In this study, a pressure management scheme for the target storage site is proposed considering the geological and engineering conditions. Several cases representing each injection scheme were applied to the target storage site. By analyzing the pressure behavior and evolution of the CO2 plume, operational conditions, such as the location of the brine producer and brine production method, were optimized to enhance the CO2 storage capacity.

3. Evaluation Method

3.1. Geological Description of the Target Aquifer

The target of this study is a hypothetical aquifer, the geological concept of which is based on actual field data. The aquifer was formed between the ancient delta system facies and the uplift carbonate platform facies. The aquifer formation is dominated by marine delta sediments, although there is also a carbonate platform with a stable lateral distribution. As the transgression continued to a late age, carbonate deposition did not occur. The underwater channel and river mouth bar within the delta front facies mainly developed until the seawater reached the carbonate compensation depth. The shore–marine delta deposition system generated thick layers that were stably developed with good lateral continuity. With this geological background, an interbedded calcareous layer can be deposited and a substructure can develop within the main structure. The aquifer structure, including the substructure considered in this study, is illustrated in Figure 1.

3.2. Storage Resources of This Research

This study focuses on the technical storage volume for comparison among storage scheme candidates regardless of project maturity, commerciality, regulations, and other social conditions. The technical storage volume is calculated using dynamic simulations, which can reflect the geological properties and operational conditions of the potential CO2 sequestration project. To calculate the technical storage volume, the following assumptions on the specific criteria are applied.

3.2.1. Pressure Threshold

A cap rock is the weakest part of geological storage because it is generally more fragile than aquifer formations in terms of lithology [26]. The role of the cap rock is to provide sealing storage so that the injected CO2 cannot migrate out of the geological storage. Thus, the mechanical stability of the cap is an important aspect of CO2 geological storage projects. In this study, the upper part of the aquifer formation immediately below the cap rock was considered as a reference point. The fracturing of the cap rock is assumed to occur when the pressure at the point is higher than the fracturing pressure of the cap rock. The fracturing pressure of the cap rock can be estimated by formation leak-off test, destructive testing of the sampled core, mud loss while drilling, or empirical correlations [27]. For this research, the fracturing pressure with depth was estimated by information from offset wells, the seismic velocity, and the empirical correlation [28], which indicated that the fracturing pressure of the cap rock was 27.6 MPa.
For a more reasonable analysis, a geo-mechanical simulation integrated with flow simulation is required. Although the coupled model using the multiphase flow and the geo-mechanical process has been applied to the CO2 sequestration study [29], several limitations, i.e., instability in low permeability zone and computational bottleneck in industry scaled model were issued [30]. This integrated model cannot guarantee the accuracy of the estimation despite its high computational cost. Considering the estimation uncertainty, 80% of the fracturing pressure of the cap rock was applied as the pressure threshold from a practical perspective. The CO2 injection duration was from the initial injection to the shut-down point as soon as the local pressure of the reference point reached the pressure threshold for fracturing the cap rock.

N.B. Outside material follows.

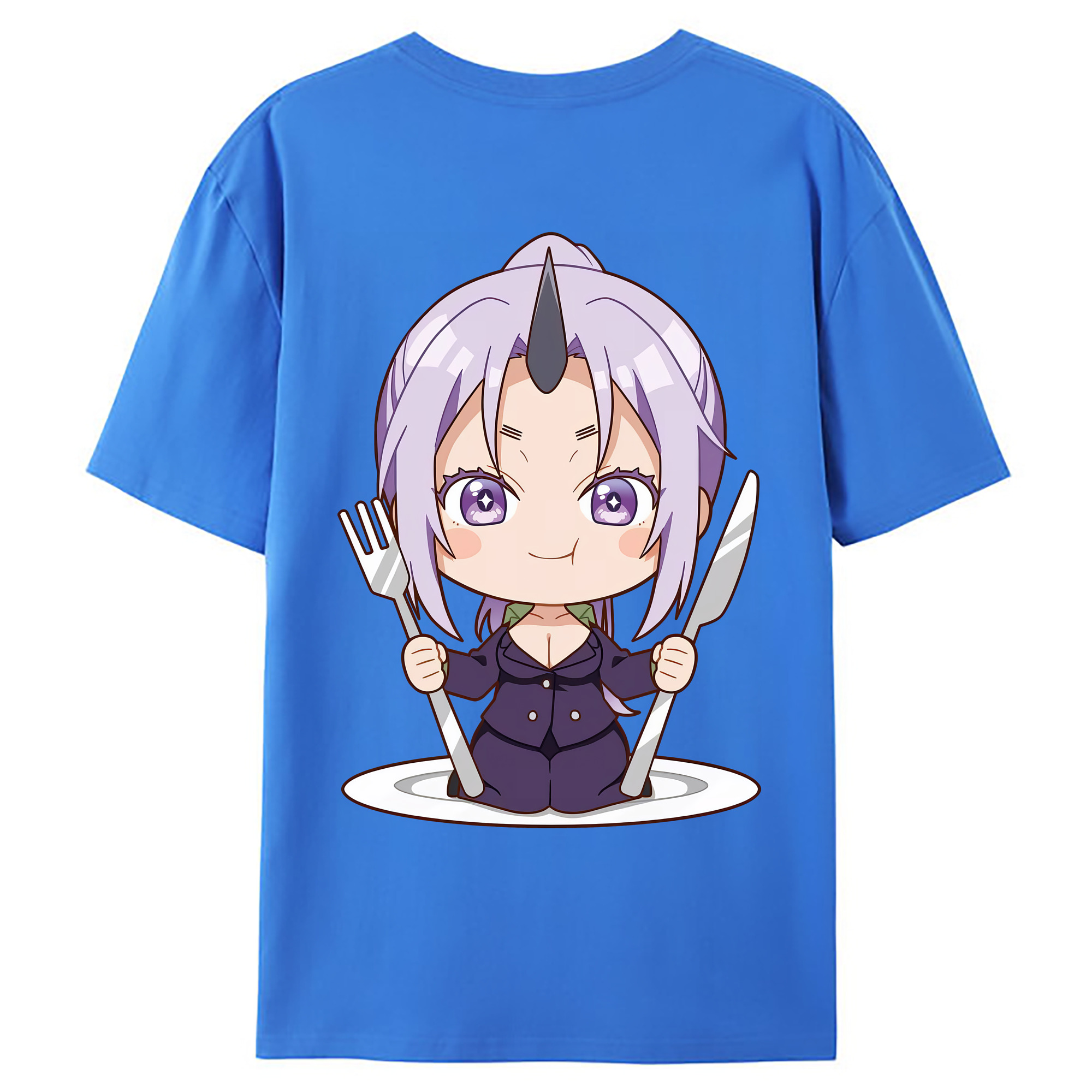 （画像用） 転スラ Regarding Reincarnated to Slime 綿100％ メンズ半袖Tシャツ（バックプリント） 通気性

3.2.2. Sequestration Mechanism

The injected CO2 can be stored in the aquifer through the following four mechanisms:
  • Structural and stratigraphic trap;
  • Residual saturation trap;
  • Dissolution trap;
  • Geochemical trap.
Estimates obtained by numerical simulation have a wide range of uncertainty in CO2 storage capacity, especially for residual traps, solution traps, and mineralization, which are caused by highly uncertain input data for the simulation. These trapping mechanisms categorized into the secondary mechanisms depend on the highly site-specific coefficients and take hundreds of years for the process [20]. The quantity of sequestrated CO2 is related to the actual cash flow enabled by the government or the trade of carbon credit. From a conservative point of view, the CO2 quantity in a structure is certified by the storage capacity of the aquifer. The mobile phase and the residual trapped inside the structure were applied as the criteria of a CO2 storage capacity. For this purpose, the aquifer was categorized into three regions, as shown in Figure 2. Regions 1 and 3 were the main structures above the spill point and beyond the structure diverging outward, respectively. Region 2 was the other region, including the substructure below the main structure.

3.2.3. Timescale

There are two important points in a CO2 sequestration project: the time of injection cessation and the time of immobilization of free-phase CO2 [31]. The former is already described in the pressure-threshold section. The injection was stopped as soon as the local formation pressure reached the threshold pressure defined above. The sequestration type of injected CO2 can be transformed into the above sequestration mechanisms. Generally, while the mobile phase of CO2 migrates, it is trapped in pore volumes up to the critical saturation or dissolves into the aquifer brine. It can also be mineralized by chemical interactions with specific components of the formation rock. It may have transformed for tens of hundreds of years, but the quantity of transformation decreased after a stabilized CO2 plume. Through test simulations for the target site, it was confirmed that the transition rate from the mobile phase gradually decreased and the mobile CO2 plume stabilized approximately 200 years later, as shown in Figure 3. In this research, the storage capacity of CO2 was determined by the quantity in the structures at 200 years later from commencing injection as the time of immobilization of CO2.
Summarily, an accurate quantity of CO2 sequestration on a reasonable time scale established by the project requires an industrial perspective. It is not only the operational information of a company for ESG management, but also financial information directly related to the commercial activity of the company. If the quantity of CO2 sequestration is certified as Certificated Emissions Reduction, then it is traded in the carbon credit market, which can be additional earnings for a company. Therefore, the quantity of sequestrated CO2 should be certified by a strict evaluation method, including monitoring for a sufficiently long period of time. The trapped CO2 in a structure is more convenient for surveillance than trapped by other mechanisms of residual trapping, dissolution, and mineralization outside of a structure. While these mechanisms relying on parameters with high uncertainty have difficulties in tracking for a sufficiently long time, CO2 trapped in a structure can be monitored within a limited region with a more confident method. Hence, the quantity of structural and residual saturation trap in a structure is exploited as the main CO2 storage capacity in this research.

3.3. Model Description

For CO2 sequestration simulation in a saline aquifer, an isothermal compositional model was utilized [32]. The detailed parameters of the simulation are summarized in Table 1. It is a CO2-H2O system in which each component dissolves other components. Sodium chloride, which is the only solid component, determines the salinity of the aquifer. This is a key factor that affects the dissolution of CO2 in the water phase. As the solid phase is not considered in this study, sodium chloride is assumed to remain in the aqueous phase only.
A geological model of the potential sequestration site was constructed using the properties summarized in Table 2. The model has 3,232,584 grid blocks covering a 7.5 km by 7.5 km area and 100 m thickness. The relative permeability of CO2–H2O system [32] applied to a dynamic simulation is shown in Figure 4.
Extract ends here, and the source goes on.